AVAILABLE RECORDS:
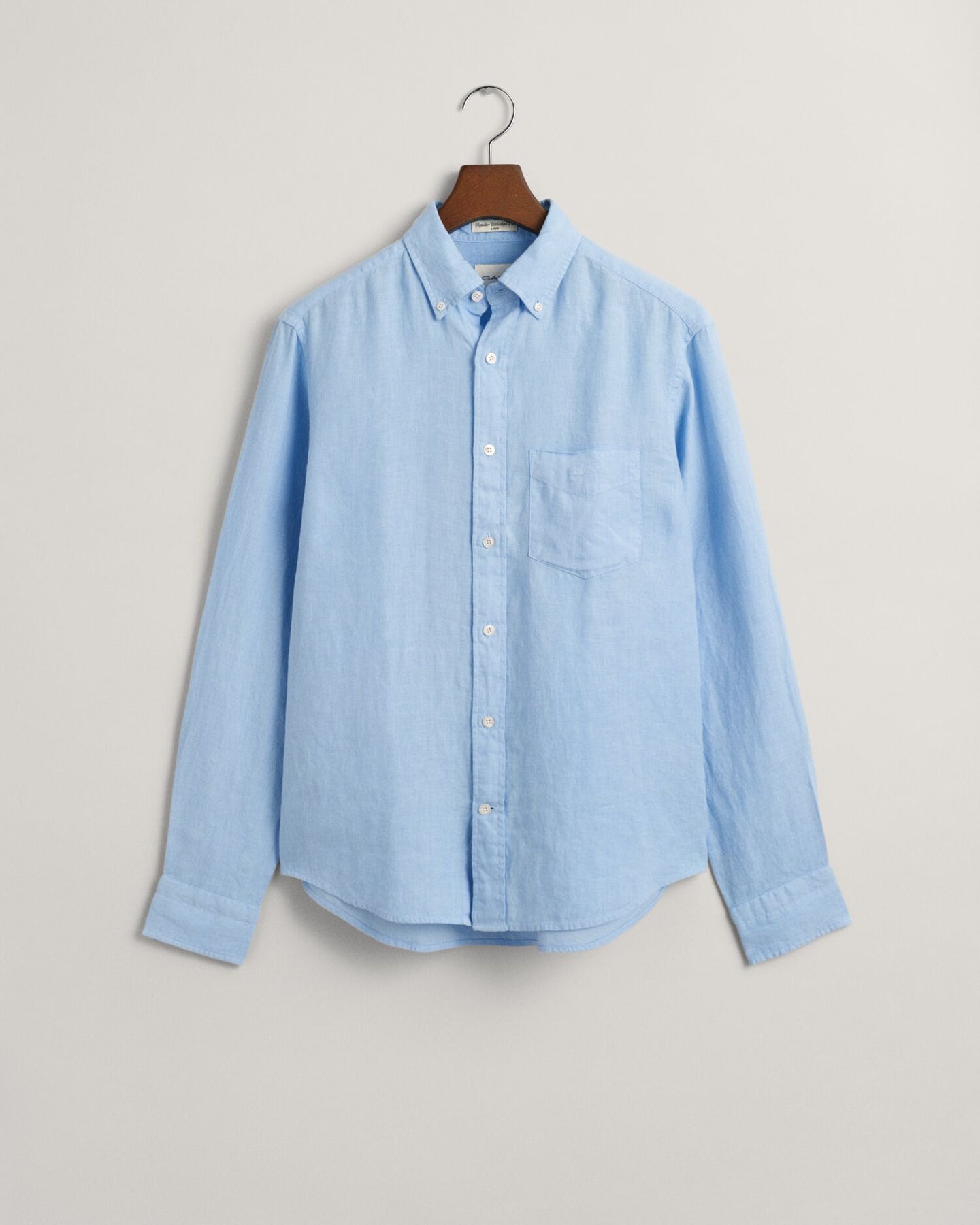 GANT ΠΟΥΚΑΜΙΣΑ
--
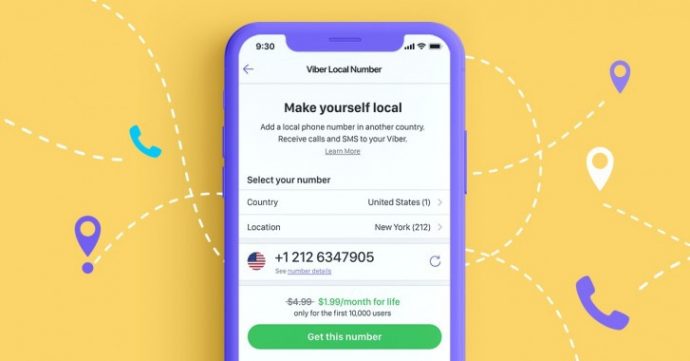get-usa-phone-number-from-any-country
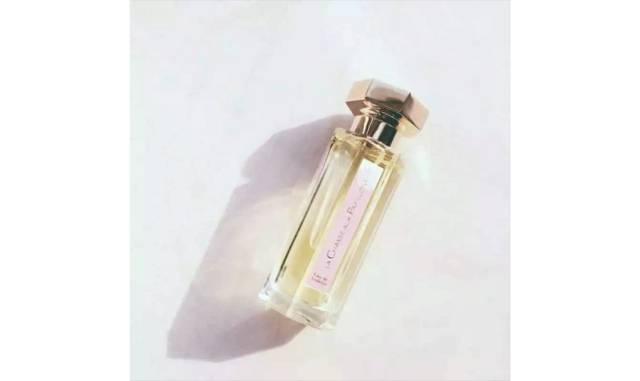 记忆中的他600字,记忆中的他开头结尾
---
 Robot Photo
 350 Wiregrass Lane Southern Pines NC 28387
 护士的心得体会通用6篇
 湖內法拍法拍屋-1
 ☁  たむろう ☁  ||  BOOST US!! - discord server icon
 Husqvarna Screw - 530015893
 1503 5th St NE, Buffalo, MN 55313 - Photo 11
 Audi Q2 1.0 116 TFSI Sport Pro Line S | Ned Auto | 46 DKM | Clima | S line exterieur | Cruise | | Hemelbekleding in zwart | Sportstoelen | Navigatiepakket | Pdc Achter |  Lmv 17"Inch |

WHAT IS NEEDED: Scan the data above for the word "Photo" and report every line where it is found.

RESPONSE TO THIS TASK:
 Robot Photo
 1503 5th St NE, Buffalo, MN 55313 - Photo 11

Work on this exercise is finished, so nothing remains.